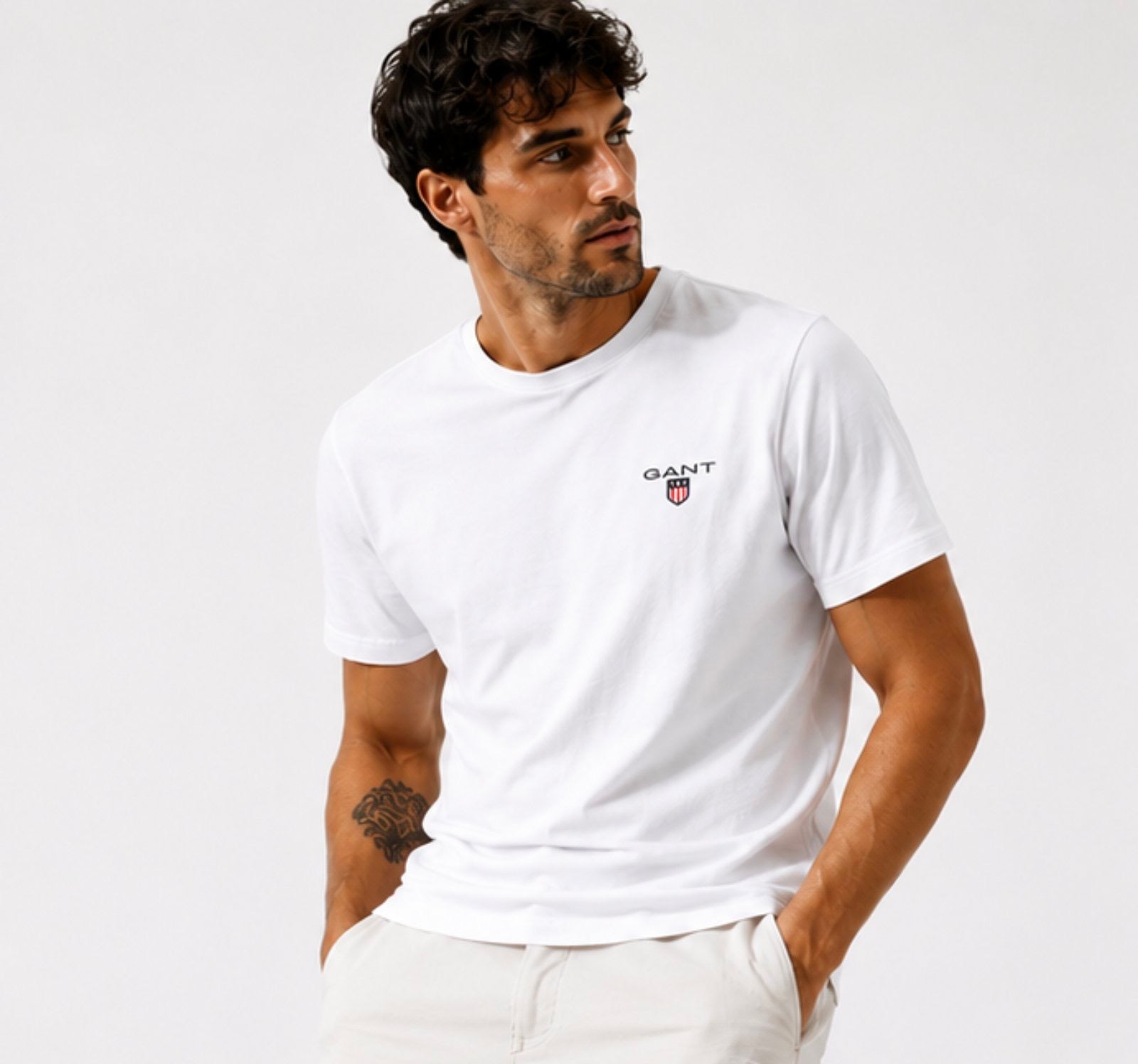 Gant Λευκό T-shirt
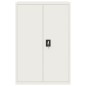 vidaXL Aktenschrank Weiß 90x40x180 cm Stahl vidaXL Aktenschrank Weiß 90x40x180 cm Stahl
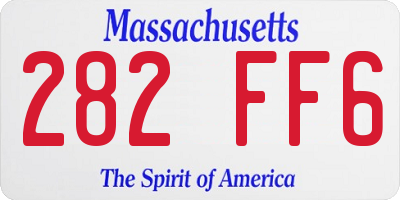 MA license plate 282FF6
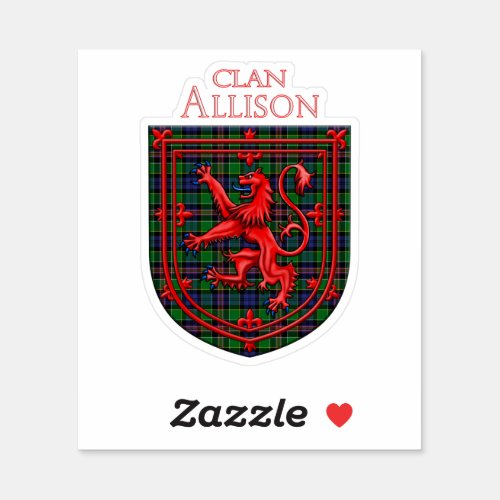 Allison Tartan Scottish Plaid Lion Rampant Sticker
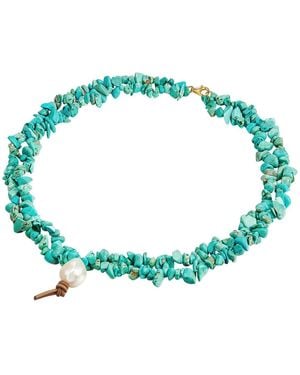 Valero Pearls Kette - Grün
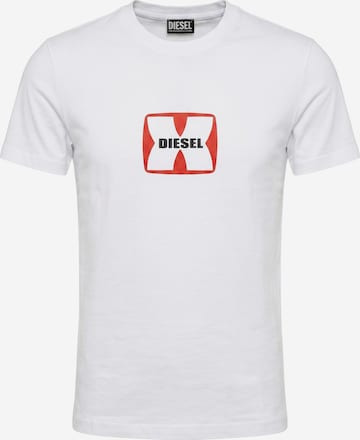 DIESEL Shirt 'T-DIEGOR-K47' in Weiß: Vorderseite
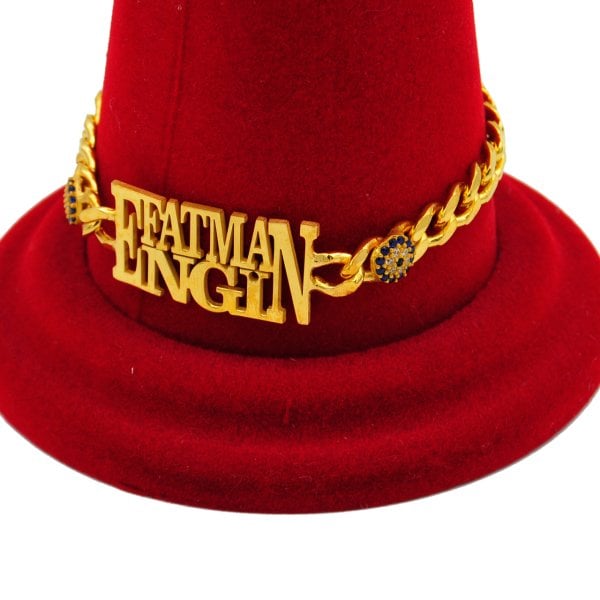 Gümüş Kişiye Özel Nazarlı 2 İsimli Bayan Bileklik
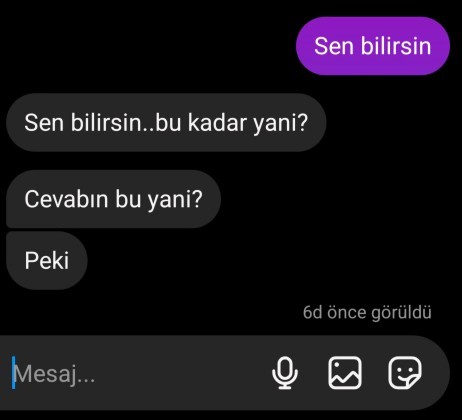 Sizce ne cevap vereyim?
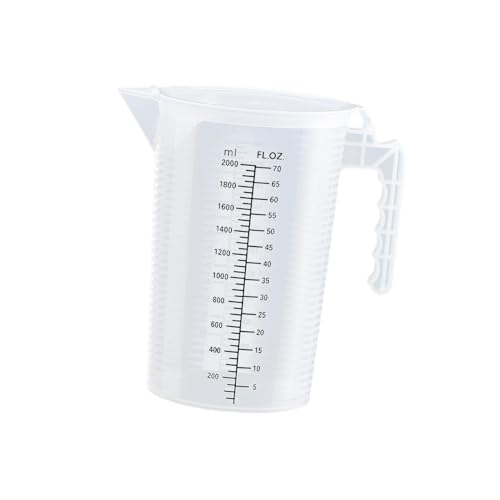 La Mejor Recopilación de Vasos y jarras medidores los 10 mejores. 49 Juego de tazas medidoras portátiles para medidas de cocina, 2L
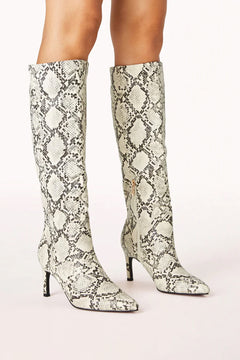 High knee snake boots best sale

=====

* HOW TO COMPLETE THIS TASK
Set down only the lines running from the line with "DIESEL Shirt 'T-DIEGOR-K47'" to the end of the entries, inclusive; omit every picture.

* TASK SOLUTION
 DIESEL Shirt 'T-DIEGOR-K47' in Weiß: Vorderseite
 Gümüş Kişiye Özel Nazarlı 2 İsimli Bayan Bileklik
 Sizce ne cevap vereyim?
 La Mejor Recopilación de Vasos y jarras medidores los 10 mejores. 49 Juego de tazas medidoras portátiles para medidas de cocina, 2L
 High knee snake boots best sale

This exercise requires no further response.